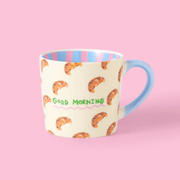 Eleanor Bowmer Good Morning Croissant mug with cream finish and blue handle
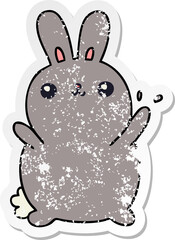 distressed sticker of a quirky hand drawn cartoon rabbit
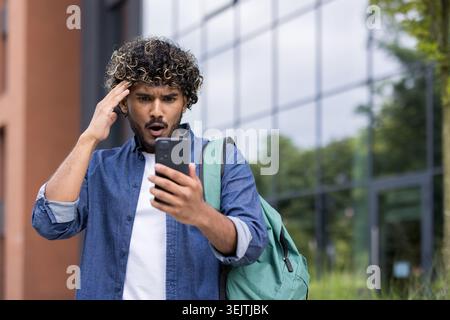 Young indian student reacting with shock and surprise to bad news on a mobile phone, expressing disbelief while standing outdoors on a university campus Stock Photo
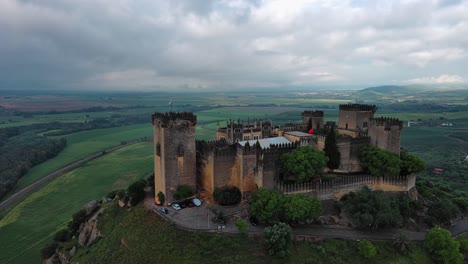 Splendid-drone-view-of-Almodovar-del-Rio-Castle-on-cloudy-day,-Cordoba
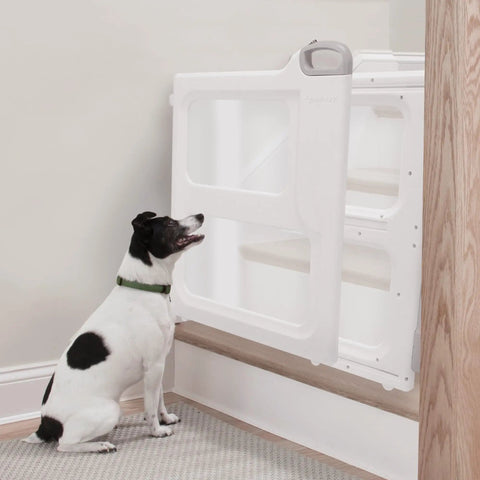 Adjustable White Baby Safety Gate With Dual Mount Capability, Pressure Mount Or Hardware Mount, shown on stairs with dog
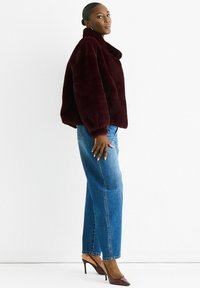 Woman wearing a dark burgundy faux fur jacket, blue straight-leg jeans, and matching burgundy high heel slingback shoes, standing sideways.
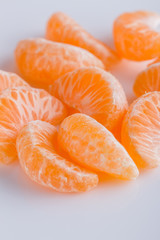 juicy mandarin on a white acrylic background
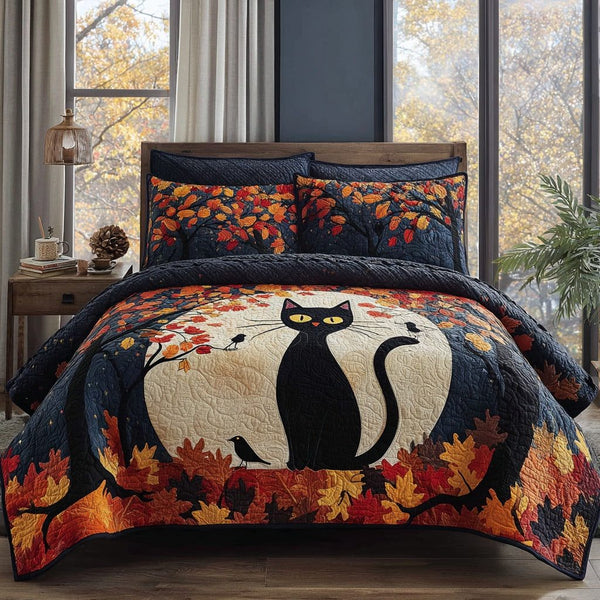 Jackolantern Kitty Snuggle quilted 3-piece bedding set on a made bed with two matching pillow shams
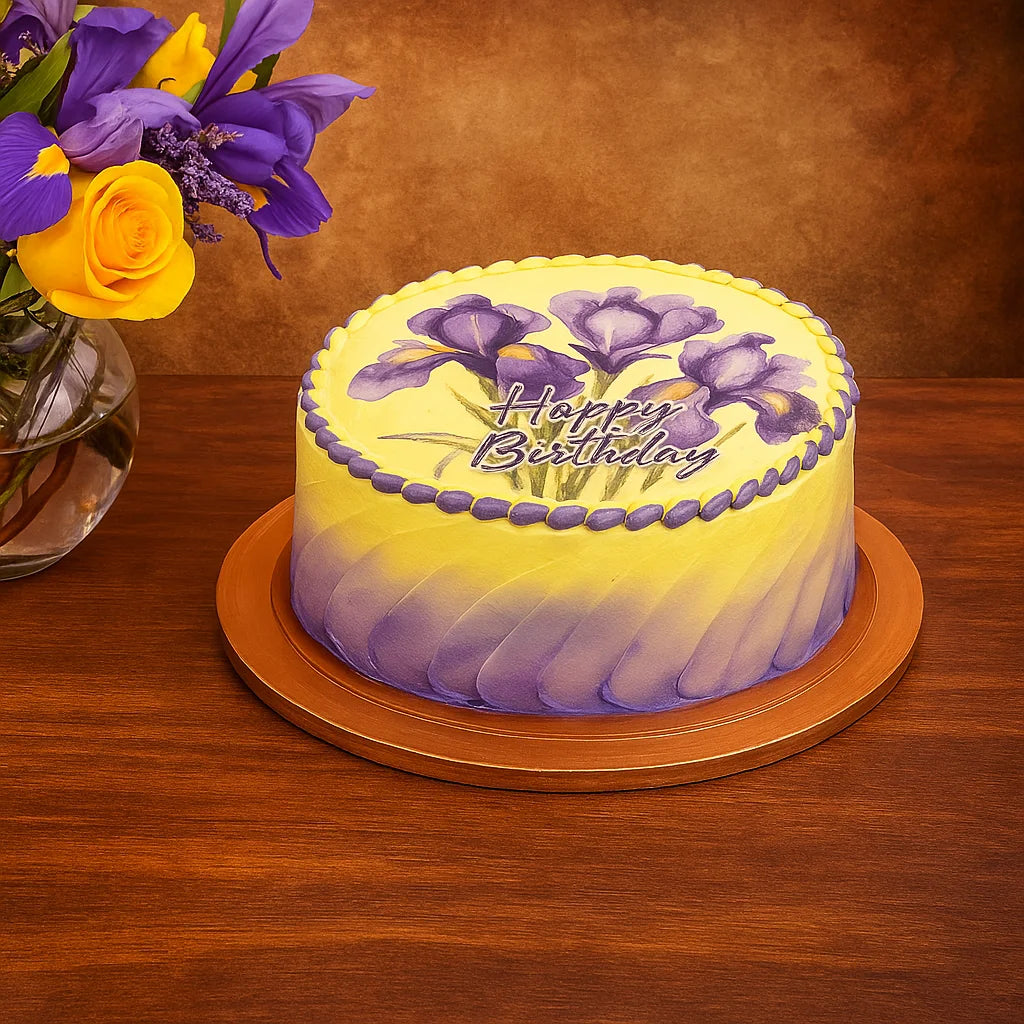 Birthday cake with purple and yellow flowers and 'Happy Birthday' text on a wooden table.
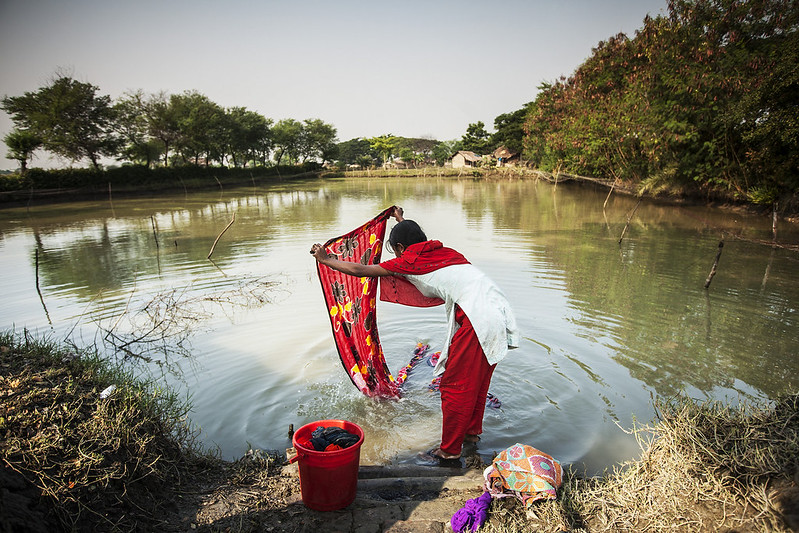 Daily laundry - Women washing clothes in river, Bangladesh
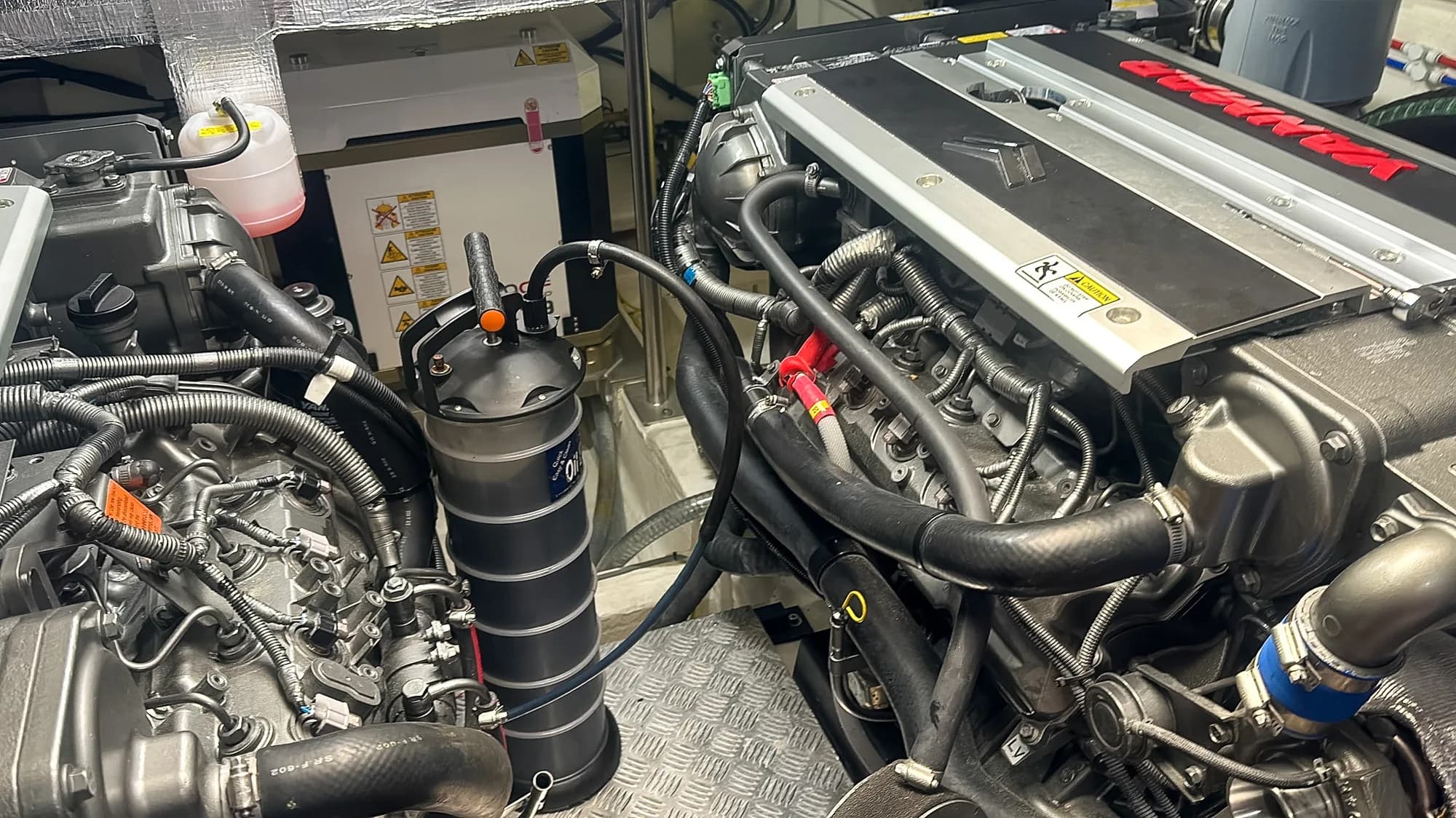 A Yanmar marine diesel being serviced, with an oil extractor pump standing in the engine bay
* * *
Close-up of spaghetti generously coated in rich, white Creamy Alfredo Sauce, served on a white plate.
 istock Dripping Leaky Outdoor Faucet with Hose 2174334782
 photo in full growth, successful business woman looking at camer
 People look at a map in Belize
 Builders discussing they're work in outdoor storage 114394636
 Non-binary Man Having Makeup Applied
...
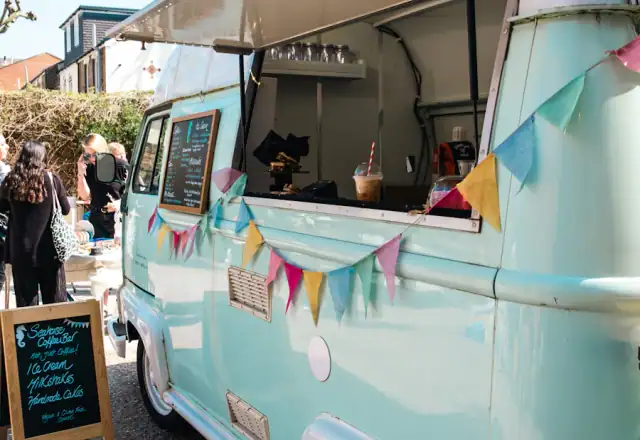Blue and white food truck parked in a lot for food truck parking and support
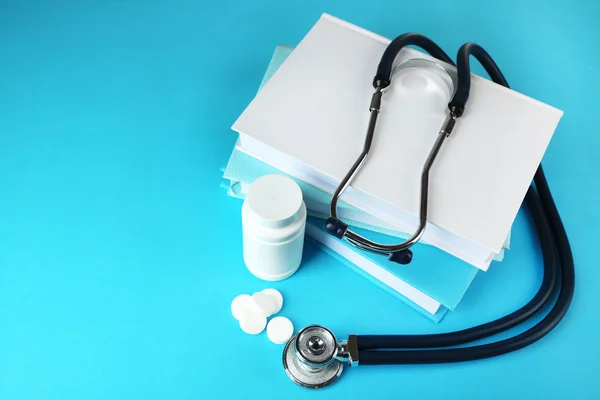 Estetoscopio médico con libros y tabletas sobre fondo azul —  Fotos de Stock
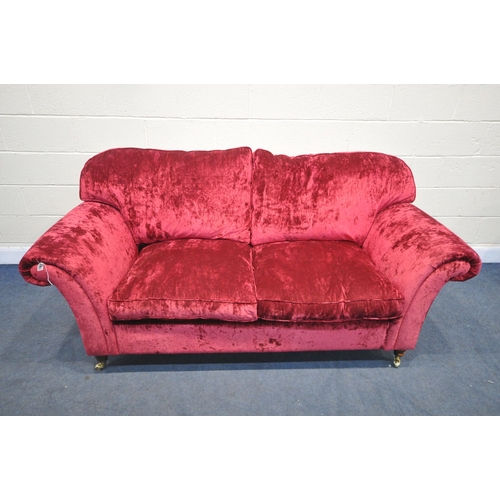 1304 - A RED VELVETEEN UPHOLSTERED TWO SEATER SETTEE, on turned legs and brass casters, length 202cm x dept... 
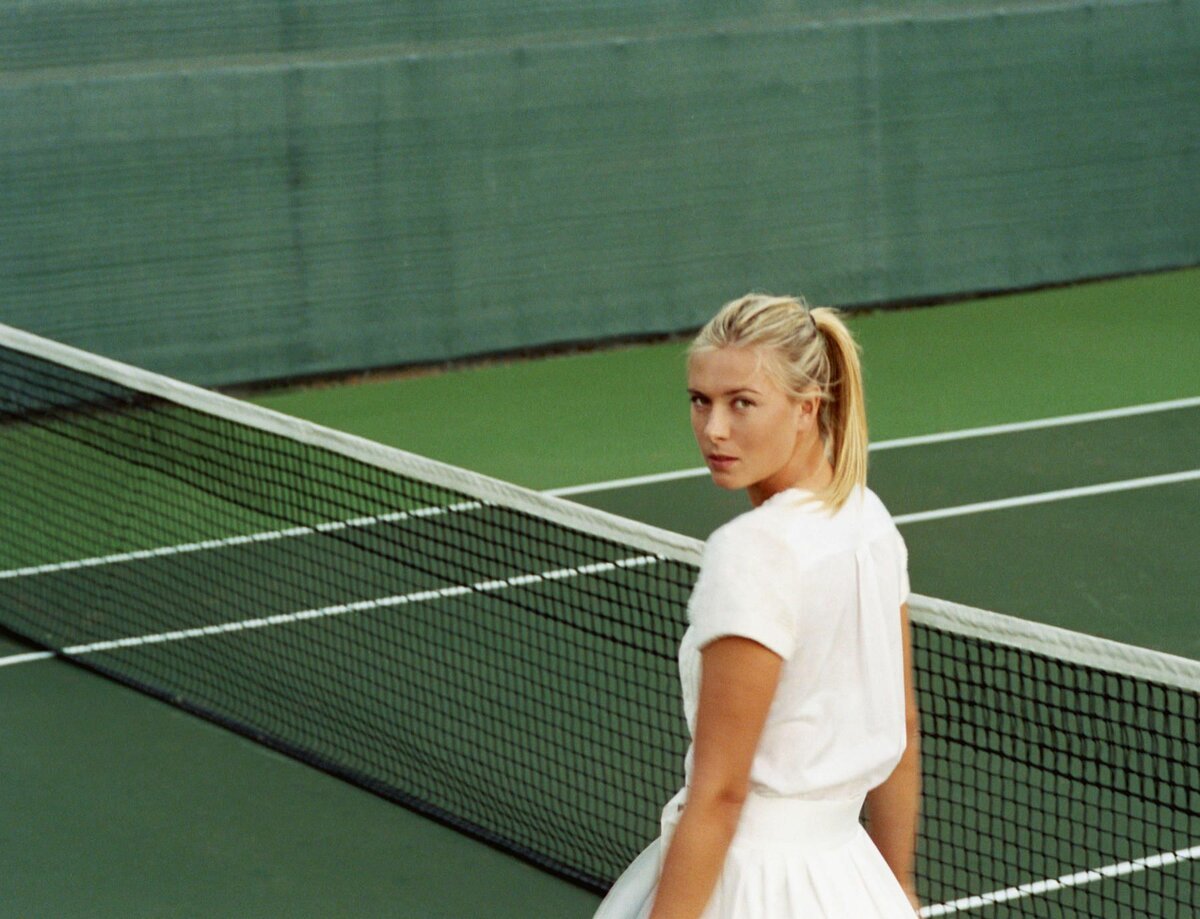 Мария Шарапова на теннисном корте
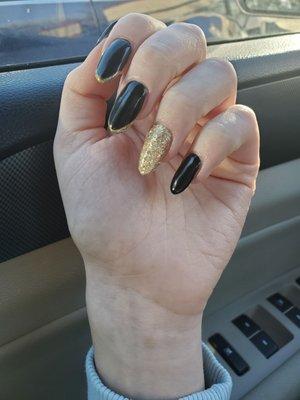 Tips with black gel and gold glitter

## YOUR INSTRUCTIONS
Only one stretch of the data above is needed. Restate it word for word, from the line containing "photo in full" through the line containing "Non-binary Man Having Makeup Applied", both ends included.

## PROBLEM SOLUTION
 photo in full growth, successful business woman looking at camer
 People look at a map in Belize
 Builders discussing they're work in outdoor storage 114394636
 Non-binary Man Having Makeup Applied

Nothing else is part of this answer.